Ha llegado a una calle oscura caminando tras una chica de sinuosas caderas. A grandes zancadas se va acercando. En dos poderosas y grandes zancadas alcanza a la chica. Ella, ignorando el peligro que corre, sigue ensimismada con la música que llega a sus oídos a través del ipod de última generación que lleva. A veces el tarareo es tan potente que emite un pequeño sonido que la sobresalta. Los ojos fijos en el trasero de la incauta y el paso apresurado. Nota el conocido latido en sus sienes. La boca se le seca. Un bulto en su bragueta le produce un placentero dolor genital. Estira un brazo y toca sutilmente el hombro de la chica que, asustada al notar el contacto, se da la vuelta.

El sobresalto le hace perder el paso, tropezar y caer. Pero él la agarra con la otra mano evitando su caída. Ella se maravilla de la fuerza que posee el chico. Se queda mirando absorta sus ojos. Unos ojos vacíos pero profundos, que dejan adivinar una sima insondable tras ellos. Con la caída su manga se ha deslizado por el brazo y ha destapado el tatuaje del interior de su antebrazo. Un tatuaje tribal que, aunque ella lo ignora, es el símbolo de la fertilidad en una perdida región amazónica. Él lo mira y sonríe comprendiendo su significado. Ella mira su brazo y se sonroja. Va a decir algo pero el tembloroso dedo de él le tapa los labios. Ella, sin saber muy bien por qué, mira la profundidad de sus ojos y a duras penas soporta la pesadez de su mirada, pero empieza a lamer sensual el dedo que reposa en sus labios. La sonrisa de nuestro héroe se ensancha y ella se arroja en sus brazos y lo besa apasionadamente entregándose por completo.

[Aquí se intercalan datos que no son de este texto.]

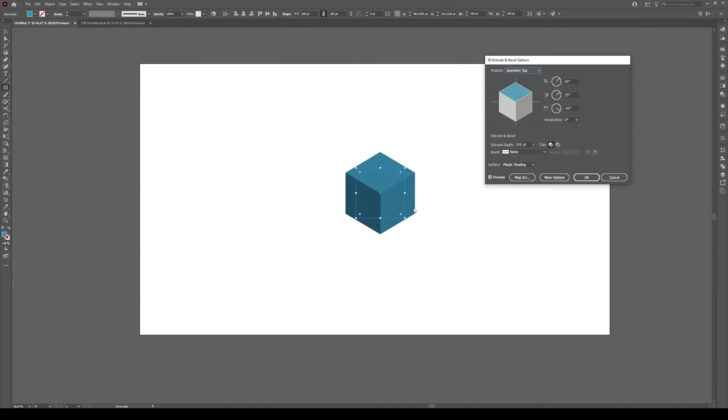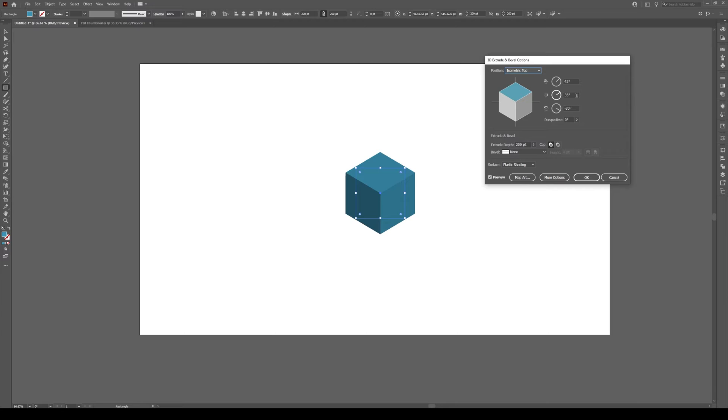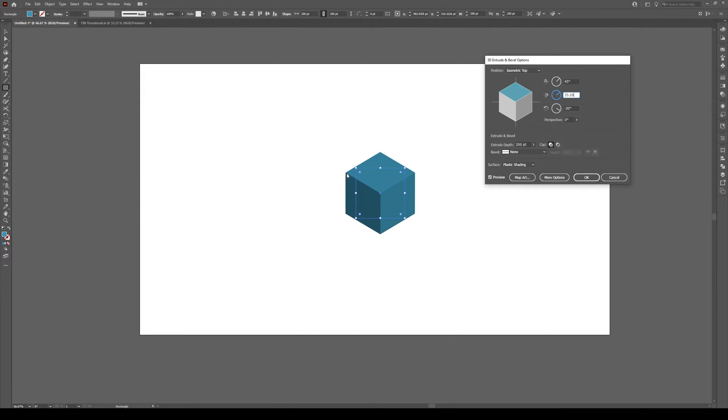Now, this cube is not actually isometric. Illustrator has a rounding error that it applies to this angle. It shouldn't be 35, it should be 35.26. It's a subtle change, but if you don't do that, these little cubes will never stack line to line with one another. Has to be 35.26.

Entre besos, lengüetazos, magreaos, gemidos y manos juguetonas, el ambiente se hace más insoportablemente cálido. Entre jadeos y susurros él le dice que si quiere subir a su casa que está cerca de allí. Ella dejándose abrazar y masajear accede. Van juntos a trompicones deteniéndose en cada farola dejando que su ansia sexual desbocada haga el resto. Lascivos besos aquí. Tórridas contorsiones allá. Al fin llegan al portal de la casa y entran en el ascensor. Un ascensor que es testigo de más juegos eróticos. Desabrochando su blusa la chica le muestra sus pechos que lanza un salvaje beso en sus pezones provocando un placentero gemido rayano el clímax. La vecina de la puerta letra B mira por la mirilla y se dice para sí misma: “A ver si por fin es la definitiva”.

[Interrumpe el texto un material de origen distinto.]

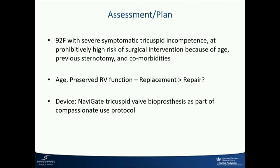Being 92 and a re-op, obviously we didn't want to do surgery on this patient. We looked at a couple of things, and one important factor was that RV function was good, so we could try to eliminate TR rather than repair it and leave her with some TR behind. That was the logic behind this. The device we used—and this is what we started nearly one and a half years ago—was the Navigate tricuspid device.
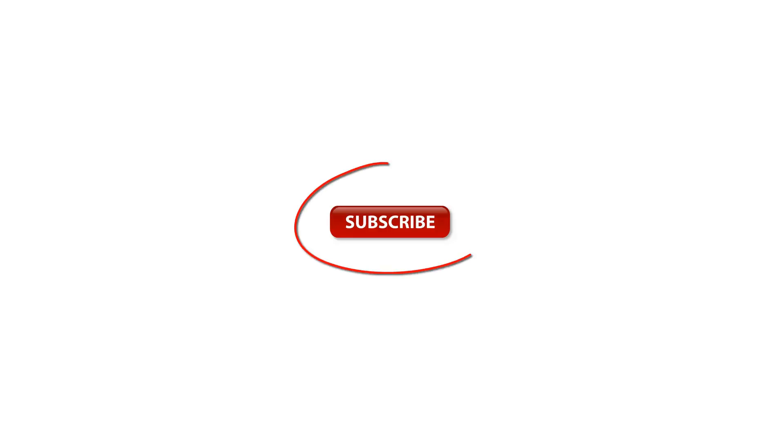For more Scrapebox videos, click the subscribe button on your screen or click the subscribe button down below.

A la mañana siguiente se despereza pesadamente. Tras el esfuerzo de la noche anterior siente molestias en todos los músculos de su cuerpo. Ha dejado de ser grácil y ligero. Vuelve a su lento y deslizante caminar. Su cerebro vuelve al trote. Se deslilza con las manos en su pecho hasta el baño. Se mira en el espejo y se asoma a unos ojos vacíos. Cuya profundidad está ahora cerrada a cal y canto. Un inesperado temblor sacude su cuerpo. El frío hace mella en él. Aparta a un lado el desmadejado cuerpo sin vida de su tatuada amiga y comienza a ducharse parsimoniosamente con agua muy caliente. Limpia con el chorro de agua y una esponja la sangre que mancha los azulejos. Una repentina erección le recuerda lo vivido anoche. Una leve sonrisa curva la comisura de sus labios. Su pecho está lleno arañazos con la sangre ya coagulada y de entre sus uñas aún hay piel de la tatuada víctima. Tras lavar cada centímetro de su anatomía con un enfermo deleite comprueba la limpieza de su cuerpo en el espejo. Llega a la cocina y comprueba que la nevera está provista con la anatomía cercenada de su última víctima. Desayuna despacio. Tomándose un café mientras se va vistiendo. Recoge también los despojos de la víctima que se va encontrando por el suelo. Todo lo que no sirve para comer, lo tira a una gran bolsa de basura que deja en el tendedero para bajarla al cubo cuando salga. Se pone los zapatos y, cuando se agacha a atarse los cordones, algo llama su atención. Se agacha tranquilo y coge un ojo azul del suelo. Qué ojos más bellos tenía esta chica piensa sonriendo. Sin pensárselo dos veces se lo mete a la boca. Un chasquido le hace guiñar un ojo. El líquido acuoso llena su boca y se derrama por la comisura de sus labios. Se limpia con una servilleta que mete en la bolsa de basura. La ata comprobando que no se adivine nada de lo que hay en su interior y sale a la calle a pasar un nuevo día.